La Biennale di Venezia/dpa Die schwedische Umweltaktivistin Greta Thunberg in einer Szene der Dokumentation "Greta"

Venedig - Was ist das Ärgerlichste auf einem internationalen Filmfestival, das insgesamt nur 50 Filme präsentiert, davon knapp 20 in einem renommierten Wettbewerb, und damit behauptet, man zeige das Beste oder Bemerkenswerteste der ganzen Saison? Konventionalität. Davon war der vierte Tag der Biennale gespickt.

Aber dann sieht man ein englisches Feelgood-Movie mit Helen Mirren und eine italienische, melodramatische Familien- und Coming-of-Age-Geschichte und einen durchschnittlichen Dokumentarfilm, der aber notwendig ist, und ist eben doch versöhnt: mit dem Festival, mit dem Kino und seiner Kraft, alles "Based on a True Story"!

"The Duke": Sehr britisch erzählt

"The Duke" ist die Geschichte eines Kleinbürgerehepaares, dessen Rente nicht ausreicht, so dass sie (Helen Mirren) bei einer Upper-Class-Familie den Haushalt mitführt, während er (Jim Broadbent) - ein sympathischer Querkopf - aus Gelegenheitsjobs fliegt, weil er einen untrüglichen Gerechtigkeitssinn hat und aufbegehrt - wie gegen die Rundfunkgebühr, die sich viele Rentner nicht leisten können.

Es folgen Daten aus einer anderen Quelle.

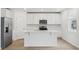 Modern kitchen with white cabinets, quartz island, and stainless steel appliances at 4710 Jasmine Ct, Leesburg, FL 34748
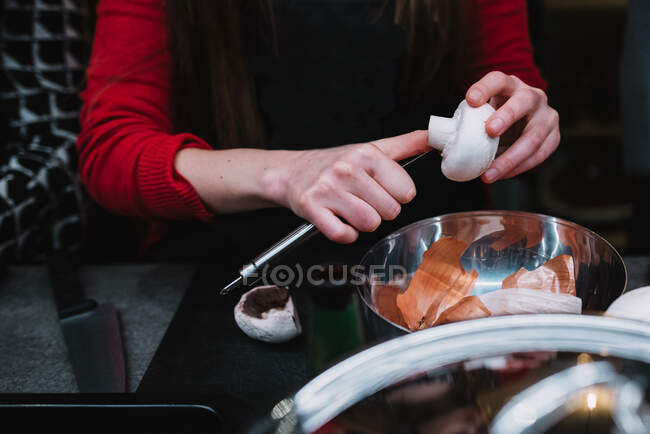 Unrecognizable female cleaning and mushroom over metal bowl during cooking course in restaurant kitchen in Navarre, Spain — Stock Photo
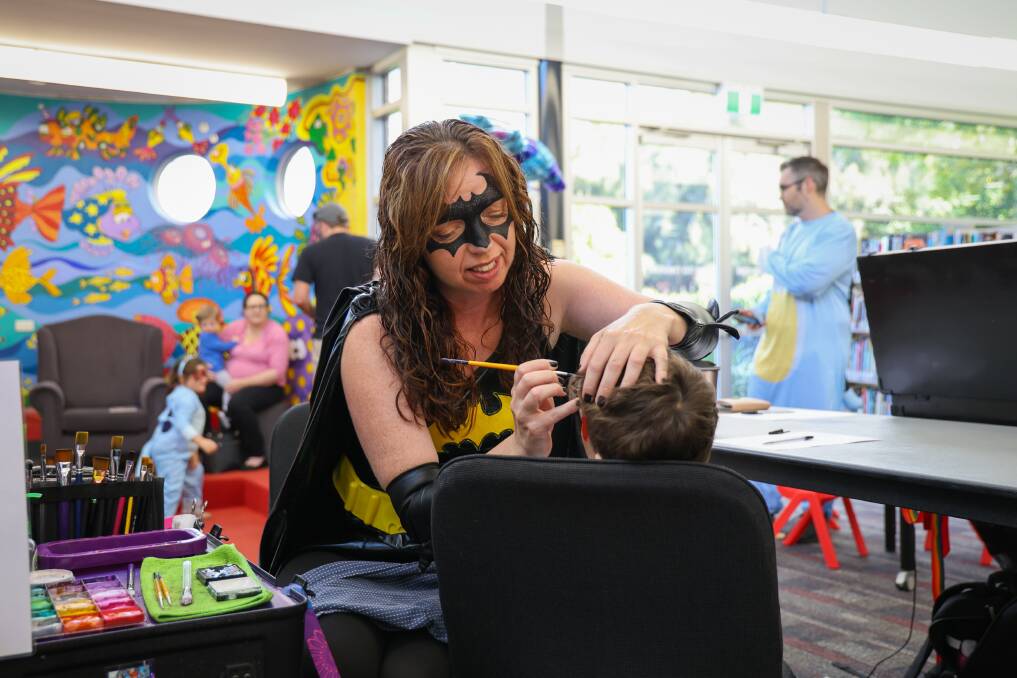 Face-painting was just part of the fun at Saturday's Comic Gong family cosplay day at Corrimal Library. Picture by Wesley Lonergan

Dabei hält er - es ist 1961, als unter konservativer Regierung die Sozialprogramme runtergefahren werden - das Fernsehen für ein "modernes Einsamkeitsheilmittel für alte Leute und Veteranen". Er "kidnappt" das Goyabild des reaktionären, aber verehrten Soldatenverheizers, des "Duke of Wellington" aus der National Gallery, um anonym ein Lösegeld zu erpressen, die er Robin-Hood-haft in die kostenlose TV-Versorgung zu investieren will.

Die Geschichte ist "very british" erzählt, mit Wortwitz, Schwärze und doch sentimental, so dass am Ende alles wieder gut und gerecht ist, was ein wenig zu affirmativ ist, aber eben mit ein bisschen Rebellentum und sozialer Frage auch zu denken gibt. Kurz: intelligente, tragikomische Unterhaltung. Und das ist ja schon einen ganze Menge.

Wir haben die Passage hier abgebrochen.